What it's good for: validating Python SAST tools against a known ground truth. Where BrassCoders draws from it: one of the nine codebases in the BrassCoders benchmarks.

🧪 OWASP NodeGoat

OWASP · Node.js / JavaScript · benchmark · github.com/OWASP/NodeGoat

BrassCoders treats NodeGoat as the reference Node.js codebase for testing JavaScript SAST coverage. The same OWASP-organized intentional-vulnerability shape as PyGoat, in a Node.js stack. Builders shipping Express, Fastify, or NestJS services should use NodeGoat to sanity-check whatever SAST layer they have in place.

What it's good for: validating JavaScript SAST tools against ground truth. Where BrassCoders draws from it: reference codebase in BrassCoders benchmarks; tests the Semgrep-based JavaScript layer.

🧪 Snyk Goof

Snyk · Node.js · benchmark · github.com/snyk-labs/nodejs-goof

BrassCoders treats Goof as a secondary Node.js benchmark with a different vulnerability distribution from NodeGoat. The repo is maintained by Snyk Labs and tracks newer vulnerability classes (dependency confusion, prototype pollution, recent-CVE patterns). Builders comparing JavaScript SAST tools should run both NodeGoat and Goof.

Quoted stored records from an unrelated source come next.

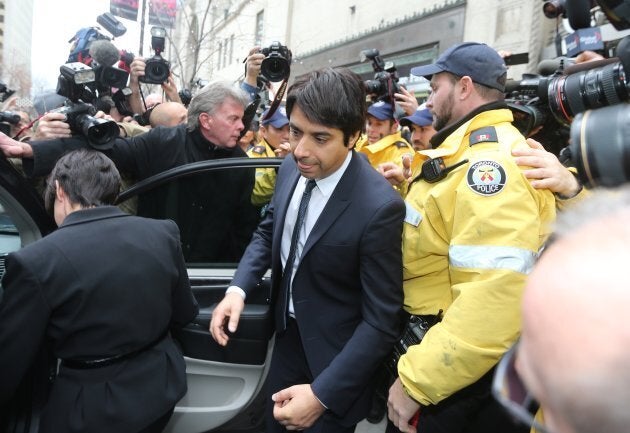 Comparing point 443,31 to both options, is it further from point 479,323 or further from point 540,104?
point 479,323

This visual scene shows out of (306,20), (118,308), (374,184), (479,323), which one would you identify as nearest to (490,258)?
(479,323)

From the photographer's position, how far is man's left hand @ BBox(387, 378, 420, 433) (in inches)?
62.5

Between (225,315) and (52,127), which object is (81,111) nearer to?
(52,127)

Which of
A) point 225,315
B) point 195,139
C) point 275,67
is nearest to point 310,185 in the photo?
Answer: point 225,315

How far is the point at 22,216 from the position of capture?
2.20 metres

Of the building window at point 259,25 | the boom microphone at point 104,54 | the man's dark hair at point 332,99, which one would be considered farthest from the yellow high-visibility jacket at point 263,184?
the building window at point 259,25

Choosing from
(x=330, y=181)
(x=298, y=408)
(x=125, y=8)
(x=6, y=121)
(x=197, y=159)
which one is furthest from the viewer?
(x=125, y=8)

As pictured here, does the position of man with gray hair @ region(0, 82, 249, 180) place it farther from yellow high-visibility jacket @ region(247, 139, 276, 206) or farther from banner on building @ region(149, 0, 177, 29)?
banner on building @ region(149, 0, 177, 29)

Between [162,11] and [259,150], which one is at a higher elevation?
[162,11]

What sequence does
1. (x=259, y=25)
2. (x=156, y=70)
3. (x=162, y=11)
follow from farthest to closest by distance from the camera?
(x=259, y=25)
(x=162, y=11)
(x=156, y=70)

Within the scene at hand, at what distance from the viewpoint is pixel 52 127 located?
2639 millimetres

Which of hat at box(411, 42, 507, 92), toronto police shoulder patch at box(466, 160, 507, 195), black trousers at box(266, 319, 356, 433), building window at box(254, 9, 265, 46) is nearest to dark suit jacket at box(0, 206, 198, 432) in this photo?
black trousers at box(266, 319, 356, 433)

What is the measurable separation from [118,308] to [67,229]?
33 cm

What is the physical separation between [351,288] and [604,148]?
1.01 m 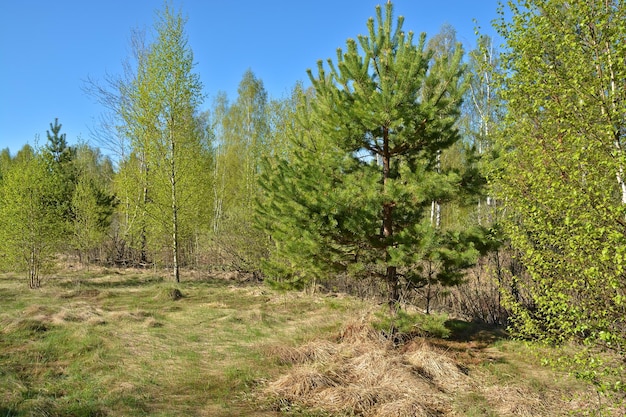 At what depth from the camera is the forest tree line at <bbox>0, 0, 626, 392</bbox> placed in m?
3.50

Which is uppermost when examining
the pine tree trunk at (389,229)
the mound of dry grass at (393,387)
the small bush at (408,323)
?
the pine tree trunk at (389,229)

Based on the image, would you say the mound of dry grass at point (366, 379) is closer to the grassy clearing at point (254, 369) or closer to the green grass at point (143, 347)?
the grassy clearing at point (254, 369)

What it's good for: testing newer JavaScript vulnerability classes; dependency-related issues. Where BrassCoders draws from it: reference codebase in BrassCoders benchmarks.

Frequently Asked Questions

How often does AI-generated code introduce vulnerabilities?

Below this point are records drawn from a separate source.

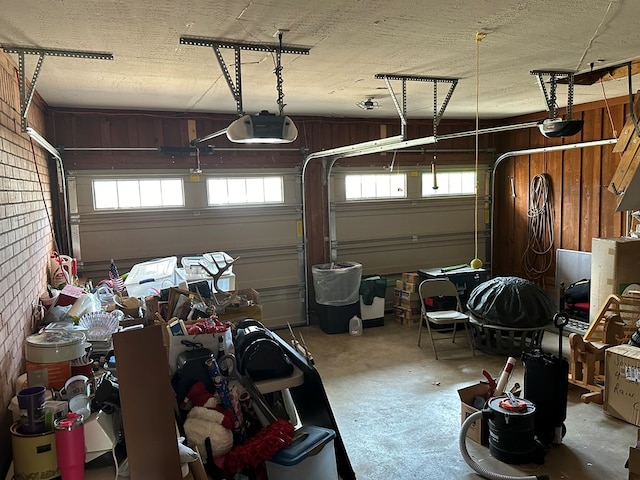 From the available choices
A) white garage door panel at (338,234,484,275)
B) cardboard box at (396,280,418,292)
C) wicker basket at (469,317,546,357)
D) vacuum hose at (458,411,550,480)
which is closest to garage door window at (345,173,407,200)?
white garage door panel at (338,234,484,275)

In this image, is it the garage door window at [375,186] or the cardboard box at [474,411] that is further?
the garage door window at [375,186]

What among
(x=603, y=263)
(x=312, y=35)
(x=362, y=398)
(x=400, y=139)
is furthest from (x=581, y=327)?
(x=312, y=35)

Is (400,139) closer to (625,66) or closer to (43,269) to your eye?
(625,66)

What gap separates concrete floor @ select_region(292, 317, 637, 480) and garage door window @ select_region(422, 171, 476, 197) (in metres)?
2.21

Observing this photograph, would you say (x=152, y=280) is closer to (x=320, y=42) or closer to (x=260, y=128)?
(x=260, y=128)

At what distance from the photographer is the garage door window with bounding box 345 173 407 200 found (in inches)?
247

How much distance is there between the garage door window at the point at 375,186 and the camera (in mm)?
6281

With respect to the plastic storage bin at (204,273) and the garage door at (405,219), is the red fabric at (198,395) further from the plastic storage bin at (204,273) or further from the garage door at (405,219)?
the garage door at (405,219)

Veracode's State of Software Security 2026 found 45% of AI-generated code samples introduce at least one OWASP Top 10 vulnerability on first generation. That is the supply-side rate; every commit of unfiltered AI-generated code is a 45% chance of a Top 10 issue entering the codebase.

Is the AI-CVE rate actually growing?

Yes. The Cloud Security Alliance documented a 2.74× year-over-year increase in CVEs attributed to AI-generated code across Q1 2026, with the monthly count jumping from 6 AI-attributed CVEs in January to 35 in March. The intra-quarter slope is steeper than the year-over-year figure.

Can LLM-based code review catch these vulnerabilities?

Inconsistently. ACM TOSEM 2026 evaluated Copilot review against realistic multi-file codebases and reported it "frequently fails to detect critical vulnerabilities including SQL injection, cross-site scripting, and insecure deserialization." LLM-based PR review is useful but cannot be the only detection layer for security-critical bugs.

What deterministic tools should I run against AI-generated code?

Bandit for Python security patterns, Semgrep for multi-language pattern matching, detect-secrets for credentials, plus an interprocedural taint engine (Pyre/Pysa for Python; CodeQL for multi-language) for cross-file bugs. BrassCoders bundles all of these into one CLI; running them individually requires 12+ separate config files.

How do I test my detection layer against ground truth?

Use intentionally-vulnerable benchmark codebases. OWASP PyGoat for Python, OWASP NodeGoat for Node.js, Snyk Goof for newer JavaScript vulnerability classes. BrassCoders runs its own reproducible benchmarks against nine such codebases at coppersun.dev/benchmarks.